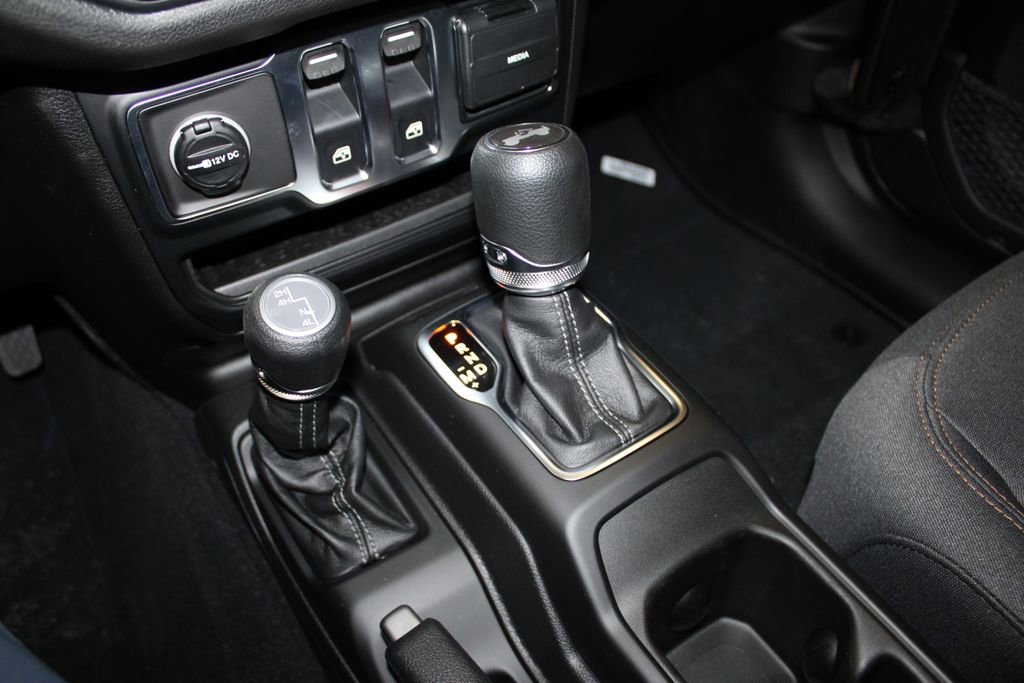 New 2026 Jeep Wrangler Sport S image 18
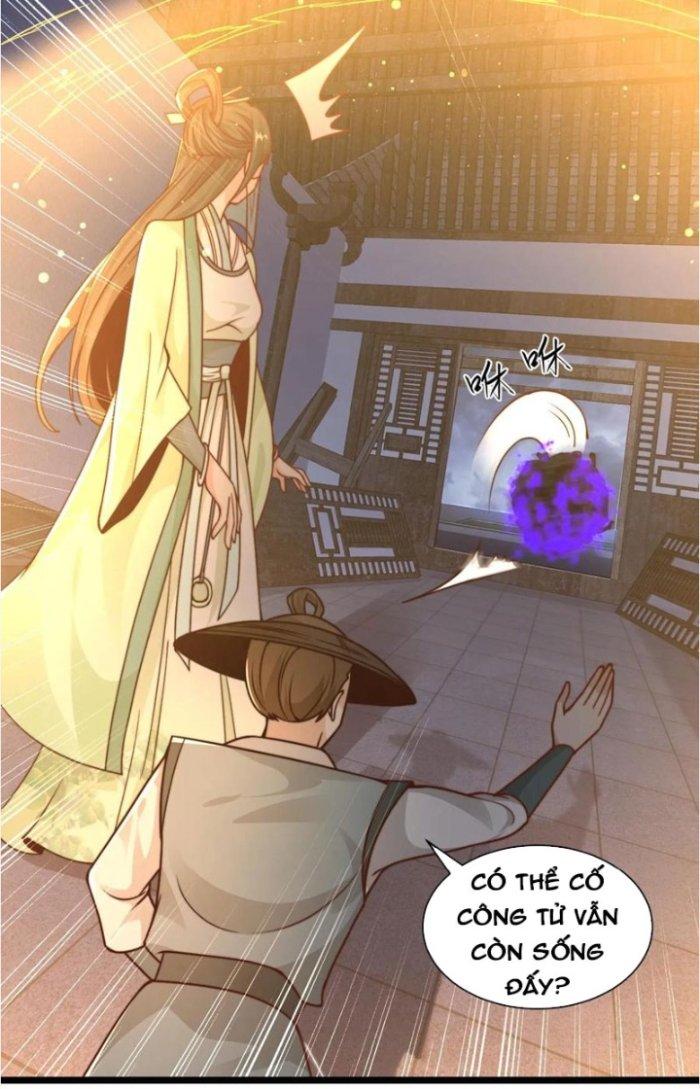 ta nuôi ma quỷ ở trấn ma ti chapter 21 16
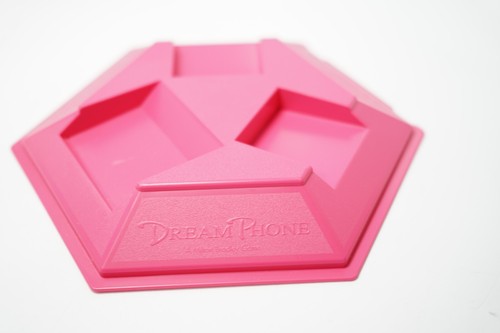Vtg milton bradley dream phone - vtg,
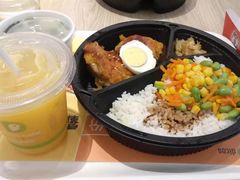 -德克士(西站站内店)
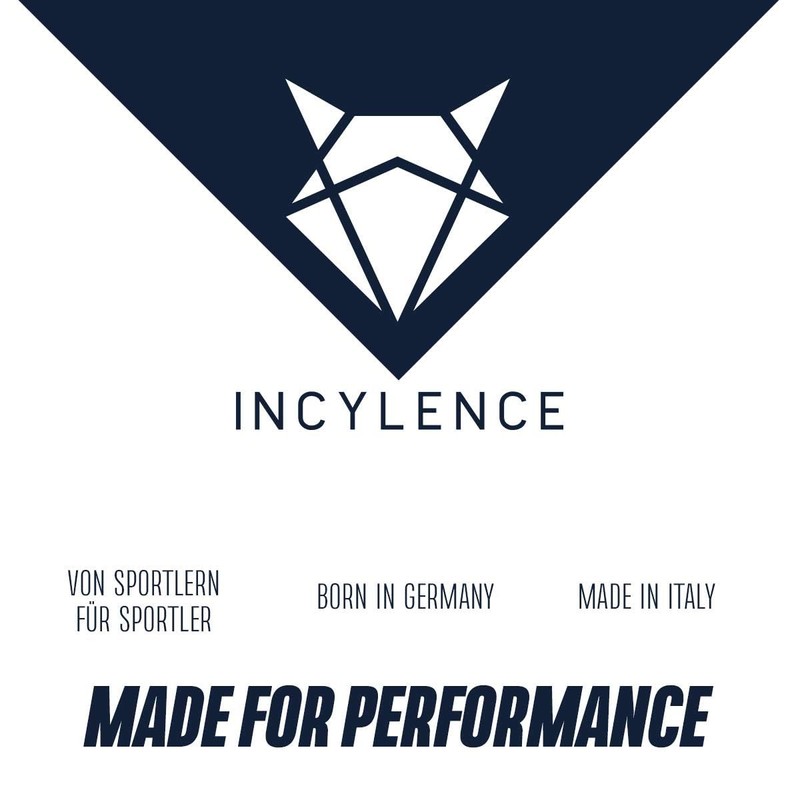 INCYLENCE ULTRALIGHT Running Socks for Men and Women, Breathable and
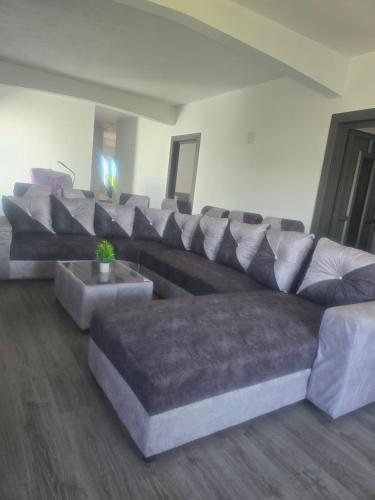 Χώρος καθιστικού στο Chill Paradise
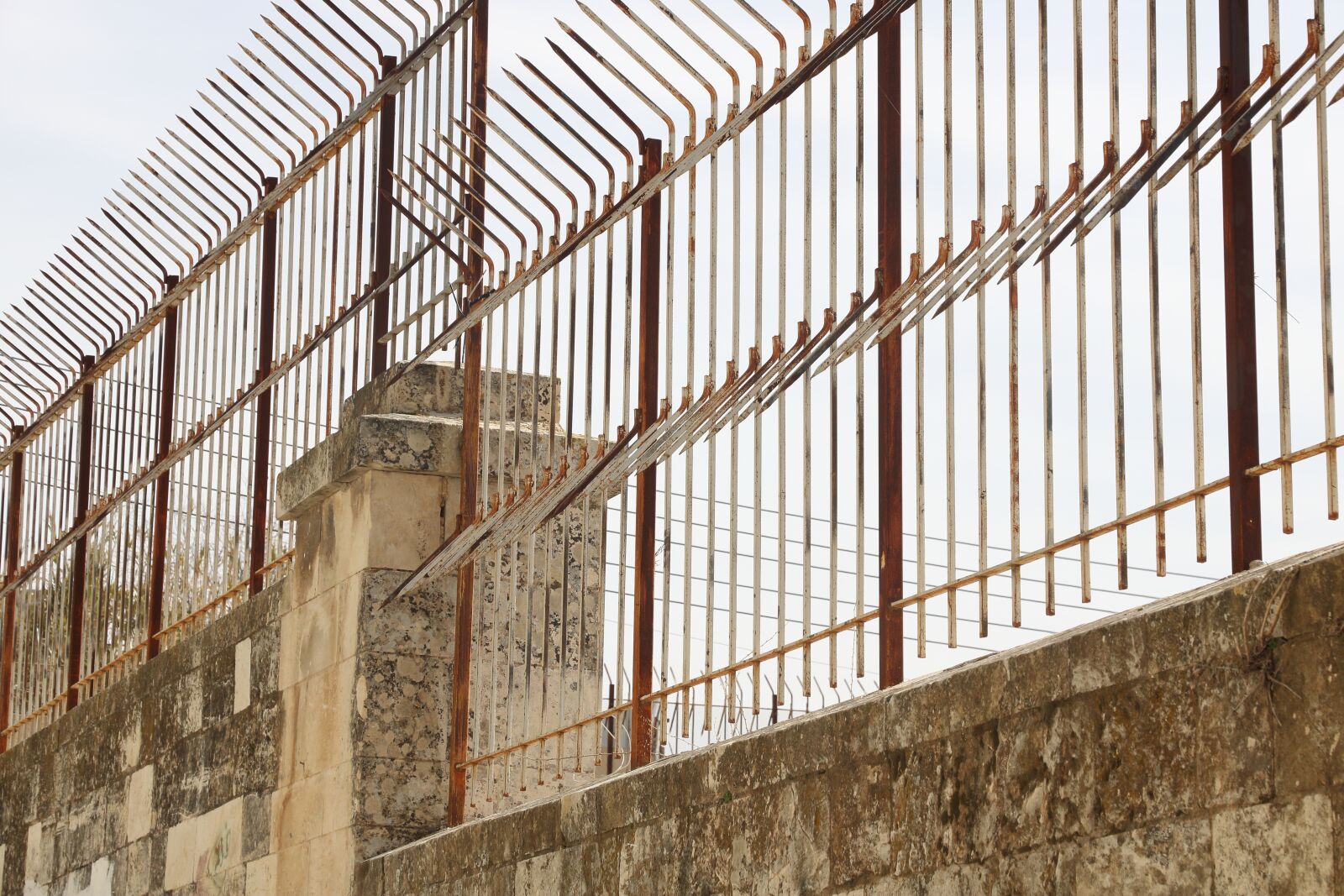 Canon EOS 750D (EOS Rebel T6i / EOS Kiss X8i) sample photo. Israel, jerusalem, wall photography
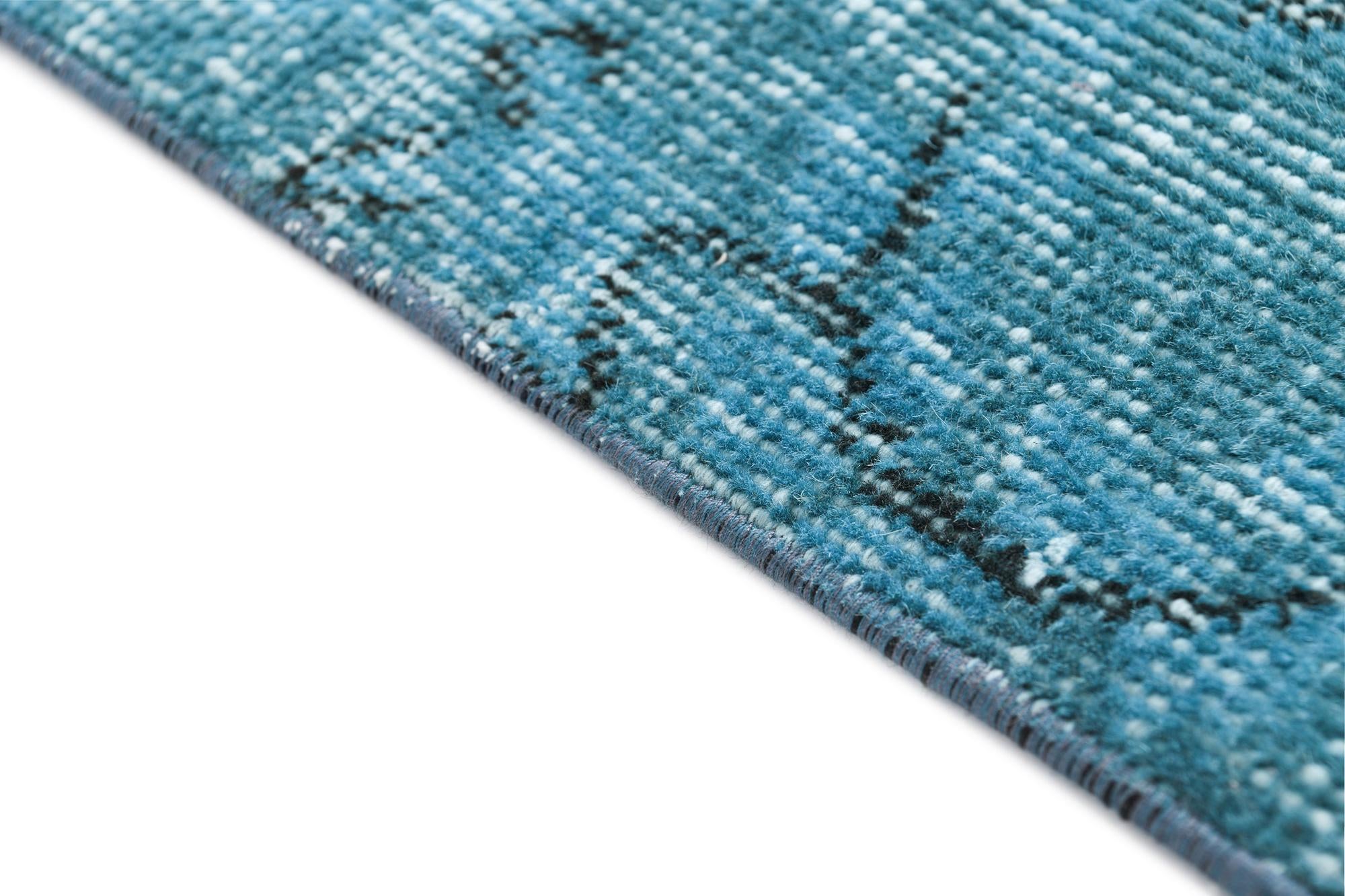 6' 5 x 9' 4 Ultra Vintage Wool Rug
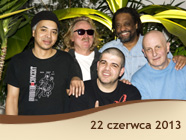 SQUEEZEBAND - Jazz Na Starówce 2013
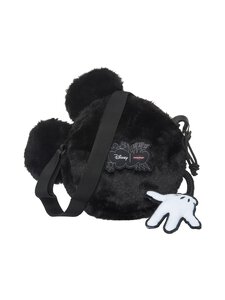 Eastpak - Mickey Fuzzy -laukku - 001|BLACK | Stockmann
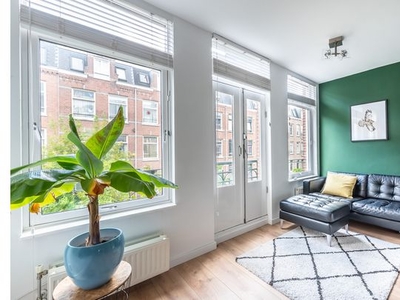 Huur 2 slaapkamer appartement van 42 m² in Amsterdam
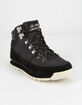 THE NORTH FACE Back-To-Berkeley Redux TNF Black & Vintage White Womens Boots image number 1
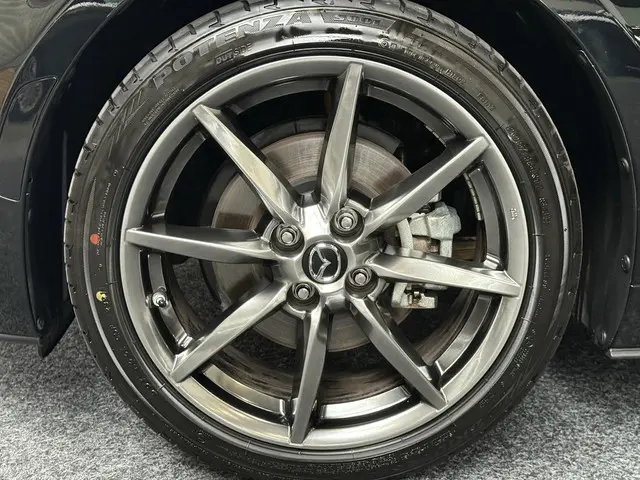 Mazda MX-5 RF 2.0 SkyActiv-G 184 Sportive 2022 Benzine 32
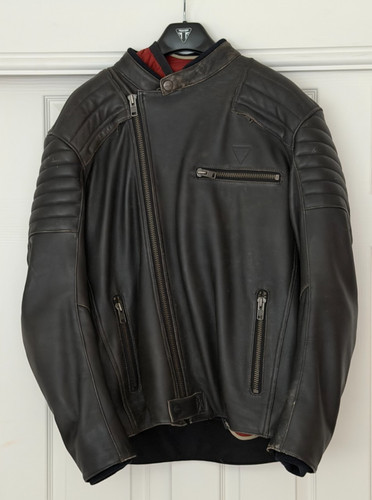 Triumph leather brown - triumph,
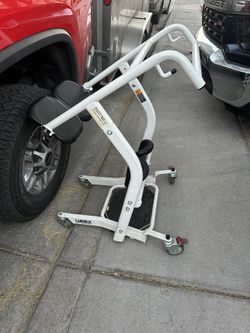 Lumex Sit To Stand Assist Patient Transport Lift - LF1600 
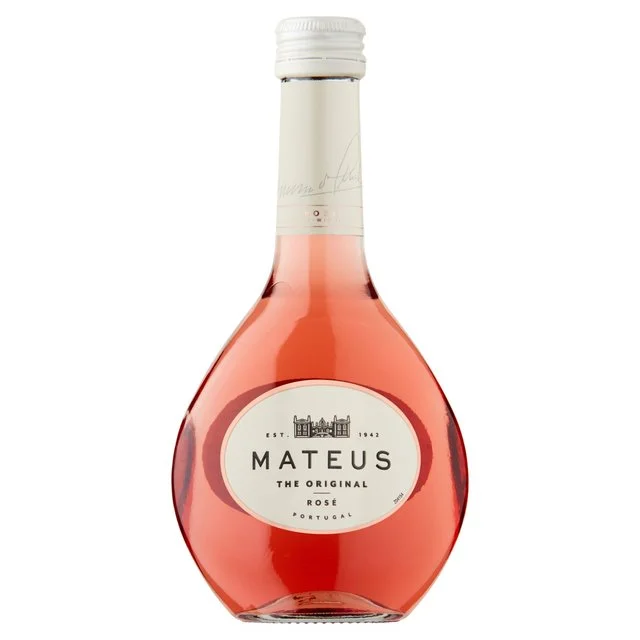 Mateus Rose   18.75cl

********

* _What to do_
An exact copy of the whole listing is required, minus the pictures.

* _Problem solution_
 New 2026 Jeep Wrangler Sport S image 18
 ta nuôi ma quỷ ở trấn ma ti chapter 21 16
Vtg milton bradley dream phone - vtg,
 -德克士(西站站内店)
 INCYLENCE ULTRALIGHT Running Socks for Men and Women, Breathable and
 Χώρος καθιστικού στο Chill Paradise
 Canon EOS 750D (EOS Rebel T6i / EOS Kiss X8i) sample photo. Israel, jerusalem, wall photography
 6' 5 x 9' 4 Ultra Vintage Wool Rug
 SQUEEZEBAND - Jazz Na Starówce 2013
 Eastpak - Mickey Fuzzy -laukku - 001|BLACK | Stockmann
 Huur 2 slaapkamer appartement van 42 m² in Amsterdam
 THE NORTH FACE Back-To-Berkeley Redux TNF Black & Vintage White Womens Boots image number 1
 Mazda MX-5 RF 2.0 SkyActiv-G 184 Sportive 2022 Benzine 32
 Triumph leather brown - triumph,
 Lumex Sit To Stand Assist Patient Transport Lift - LF1600 
 Mateus Rose   18.75cl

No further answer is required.